#### What is needed:
Leave out the pictures, and reproduce exactly the lines from the line containing "Carhartt WIP L/S" through the final line of the entries.

----

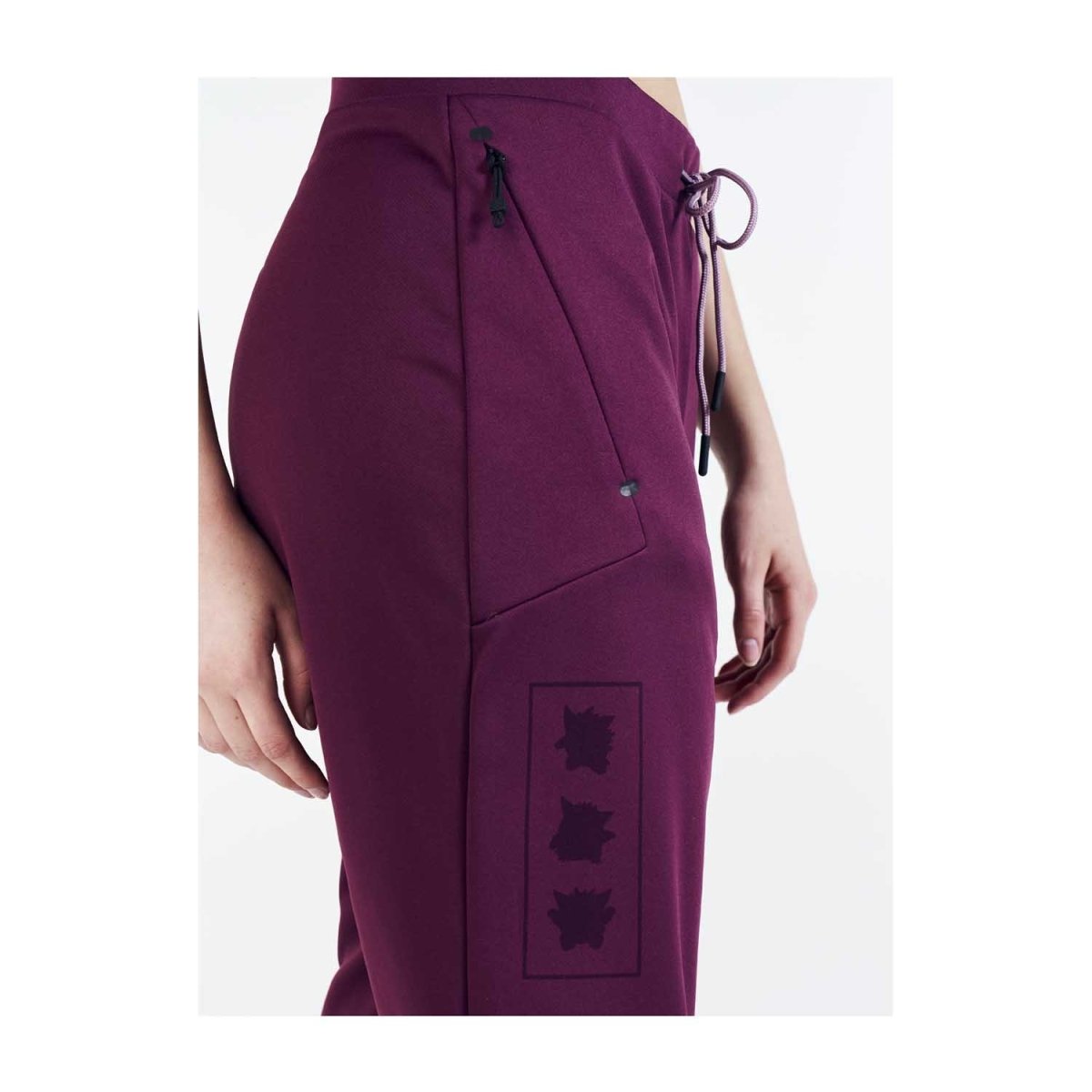 Pokémon Center × Craft: Gengar Unify Burgundy Pants - Women Size L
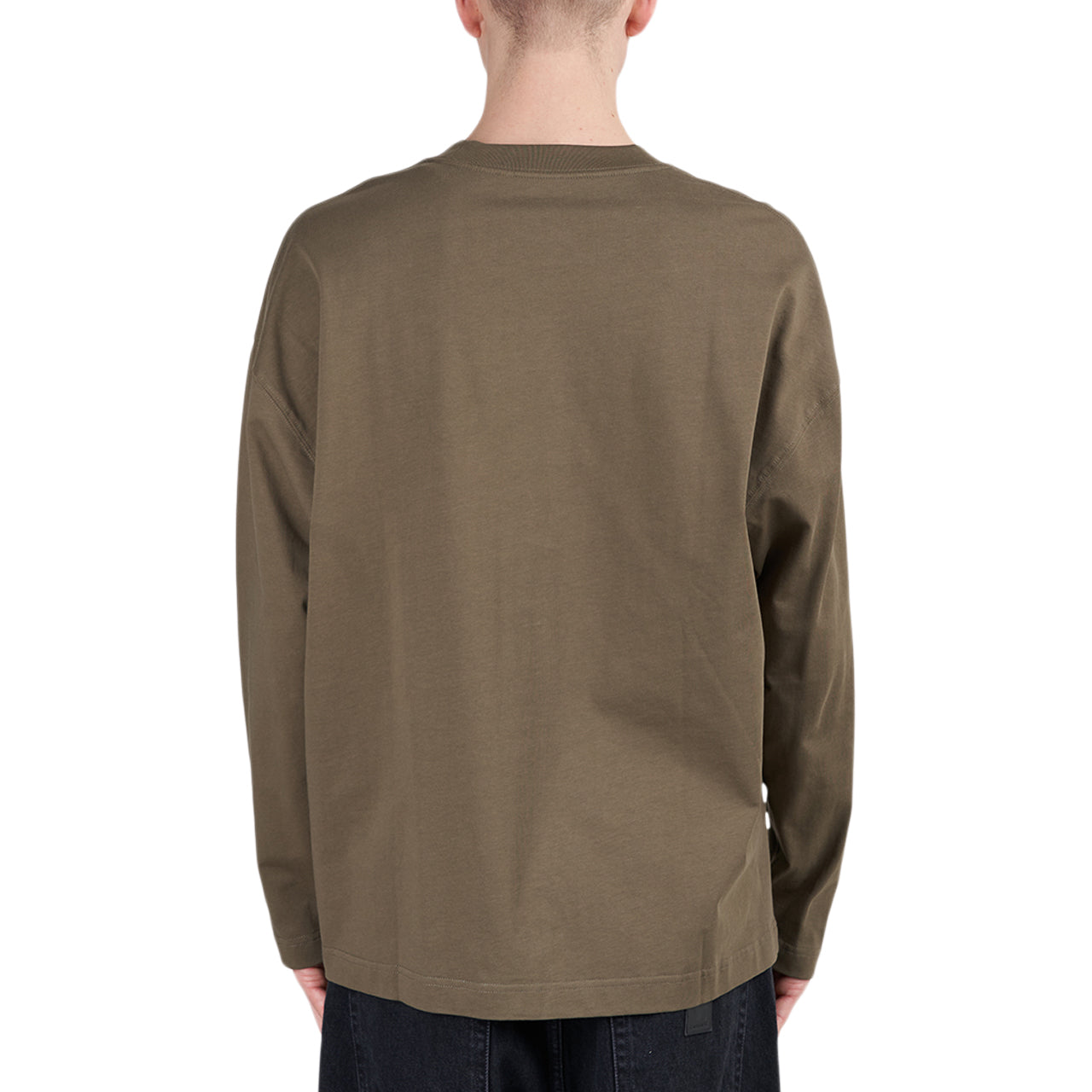 Carhartt WIP L/S Link Script T-Shirt (Oliv) - Allike Store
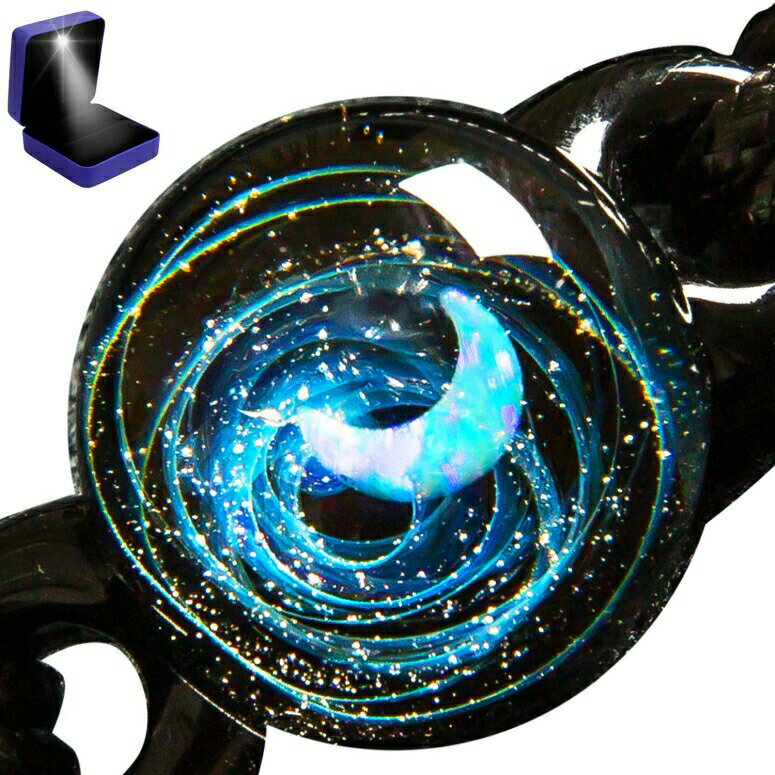 宇宙玉 惑星 ブレスレット そらだま 銀河 宇宙 ガラスアート 幻想的 パヴァルニ オリジナル ギャラクシー 宇宙ガラス X_Theia Bracelet Play of Color Pavaruni Aurora Original Galaxy Moon Star Universe Glass Accessories Space Cosmos 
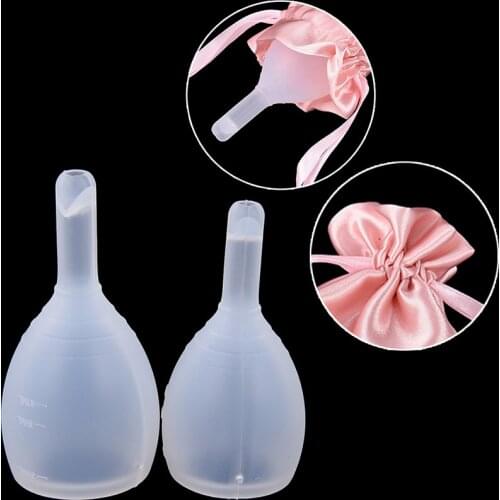 Reusable Medical Silicone Gel Lady Discharge Valve Menstrual Cup Feminine Soft Menstrual Period Leak Free Safety Feminine Cup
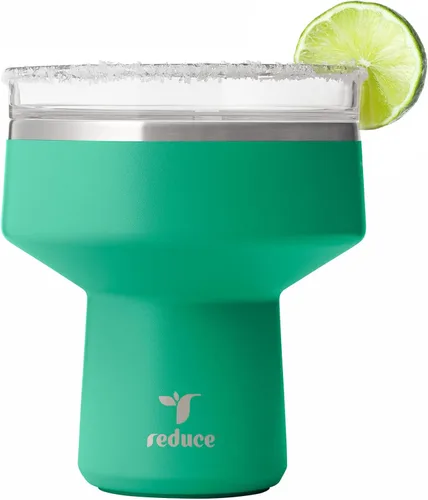 Miniatura 17 de Reduce Saltini - Vaso de cóctel de 16 onzas, vaso aislado de margarita con tapa, mantiene las bebidas frías durante 10 horas, alternativa al vaso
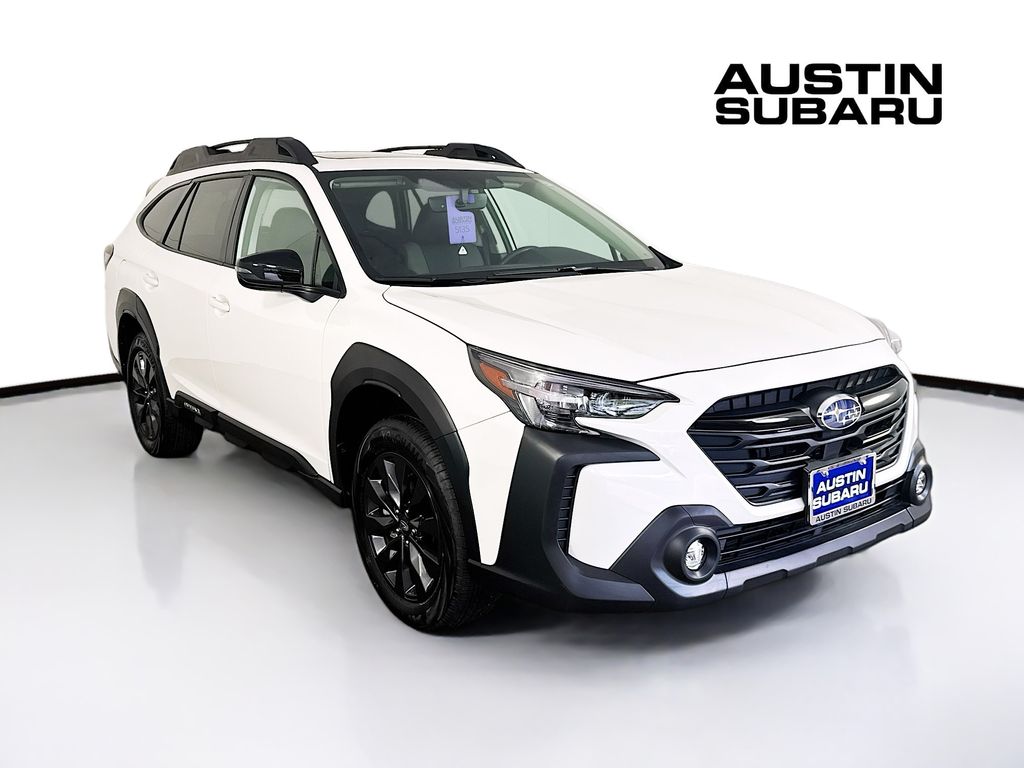 Crystal White Pearl 2025 Subaru Outback Onyx Edition AWD SUV / Crossover All-Wheel Drive Continuously Variable Transmission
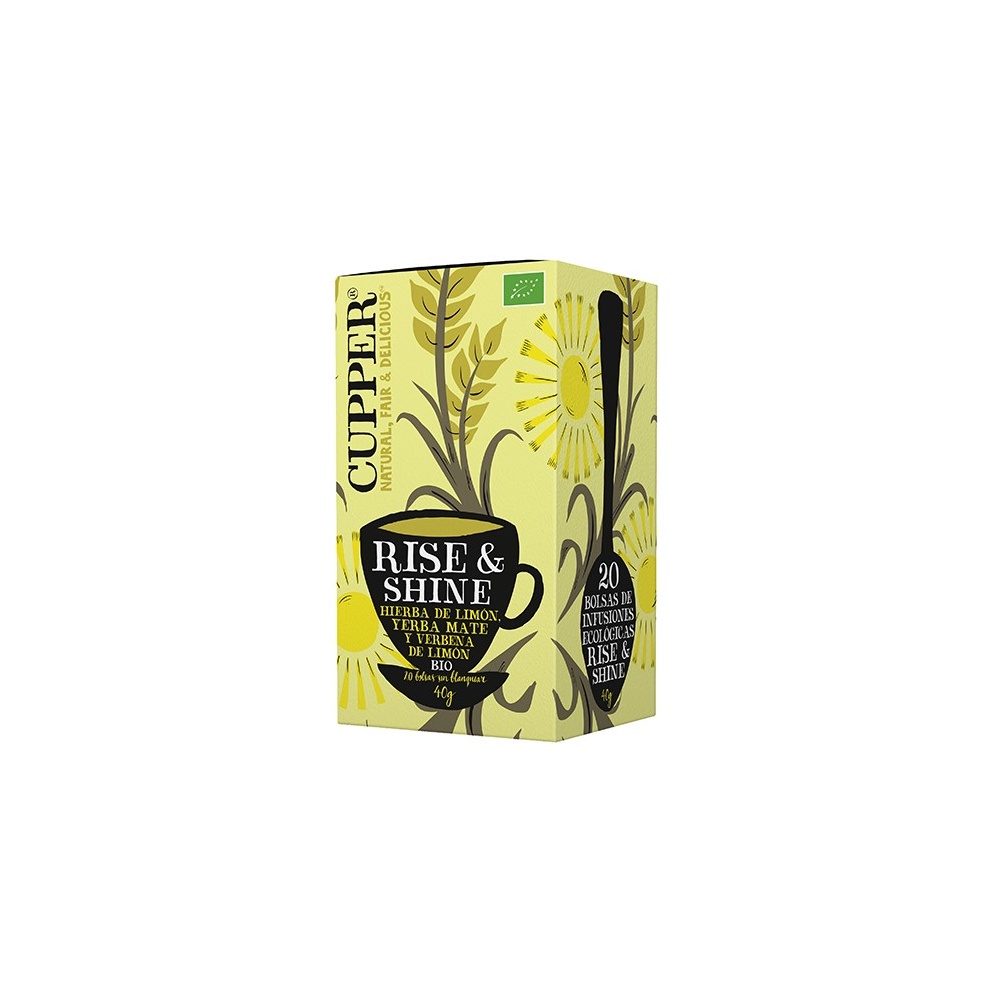 Cupper Infusion Rise & Shine 20 Sobres 40 G*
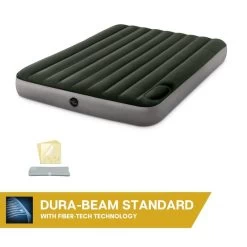 Matelas Gonflable - Intex Downy -2 Personnes - 152x203x25 Cm (BxLxH) -Camping En Plein Air matelas gonflable intex downy 2 personnes 152x203x25 cm bxlxh 3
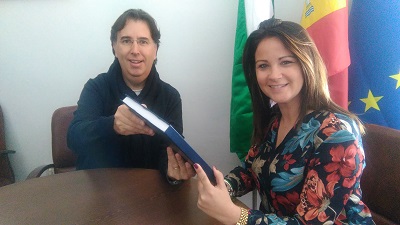 Cristian Cavero y Silvia Mellado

----

#### Task solution:
 Carhartt WIP L/S Link Script T-Shirt (Oliv) - Allike Store
 宇宙玉 惑星 ブレスレット そらだま 銀河 宇宙 ガラスアート 幻想的 パヴァルニ オリジナル ギャラクシー 宇宙ガラス X_Theia Bracelet Play of Color Pavaruni Aurora Original Galaxy Moon Star Universe Glass Accessories Space Cosmos 
 Reusable Medical Silicone Gel Lady Discharge Valve Menstrual Cup Feminine Soft Menstrual Period Leak Free Safety Feminine Cup
 Miniatura 17 de Reduce Saltini - Vaso de cóctel de 16 onzas, vaso aislado de margarita con tapa, mantiene las bebidas frías durante 10 horas, alternativa al vaso
 Crystal White Pearl 2025 Subaru Outback Onyx Edition AWD SUV / Crossover All-Wheel Drive Continuously Variable Transmission
 Cupper Infusion Rise & Shine 20 Sobres 40 G*
 Matelas Gonflable - Intex Downy -2 Personnes - 152x203x25 Cm (BxLxH) -Camping En Plein Air matelas gonflable intex downy 2 personnes 152x203x25 cm bxlxh 3
 Cristian Cavero y Silvia Mellado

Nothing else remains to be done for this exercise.